### Required work
Copy the data exactly as it appears, and do not include any pictures.
━━ Data listing
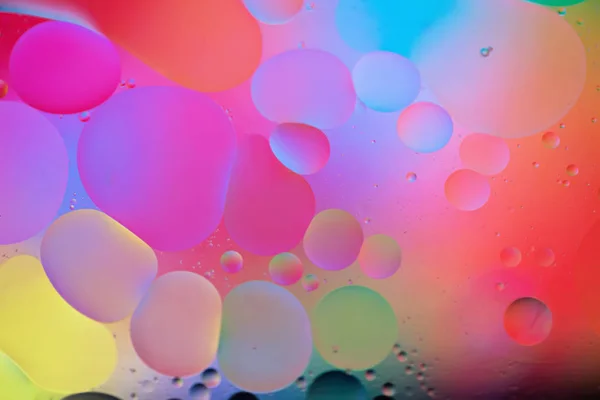 Cuadro de fondo abstracto de arco iris hecho con aceite, agua y jabón — Foto de Stock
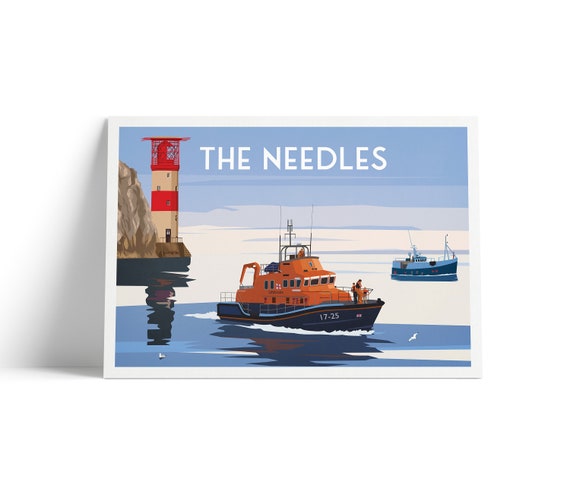 Isle Of Wight Travel Poster The Needles Minimalist Wall Art Prints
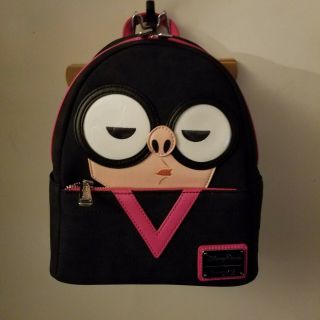 Disney Parks The Incredibles Edna Suede Leather Mini Backpack By Loungefly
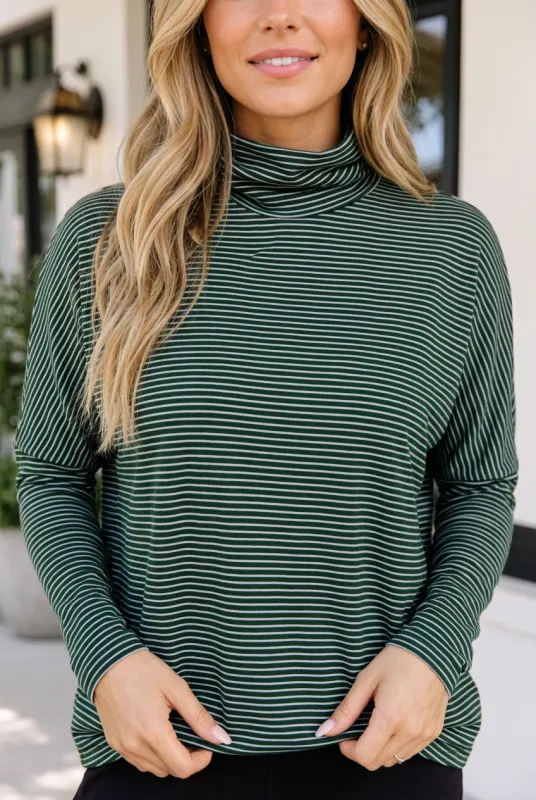 Clare Casual Top Long Sleeve Top made by Threaded Pear
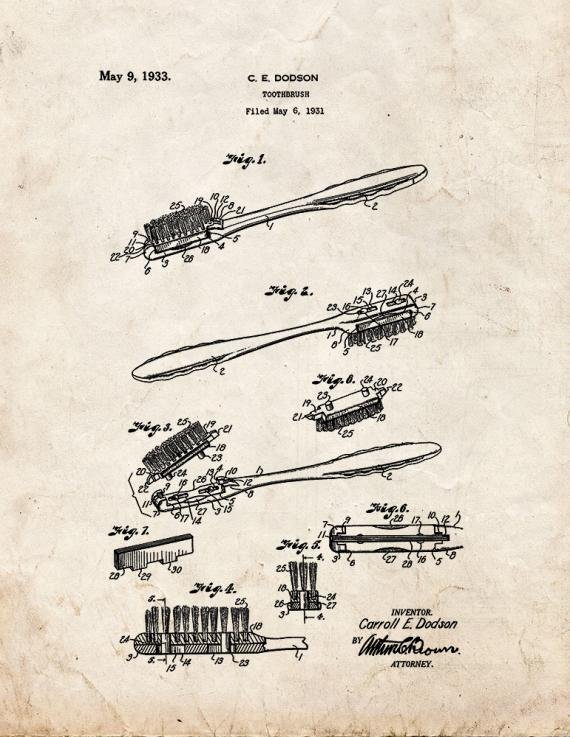 Patent Blueprint 2494 1 12 A4 Photo Print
━━━━
### Answer to the problem
 Cuadro de fondo abstracto de arco iris hecho con aceite, agua y jabón — Foto de Stock
 Isle Of Wight Travel Poster The Needles Minimalist Wall Art Prints
 Disney Parks The Incredibles Edna Suede Leather Mini Backpack By Loungefly
 Clare Casual Top Long Sleeve Top made by Threaded Pear
 Patent Blueprint 2494 1 12 A4 Photo Print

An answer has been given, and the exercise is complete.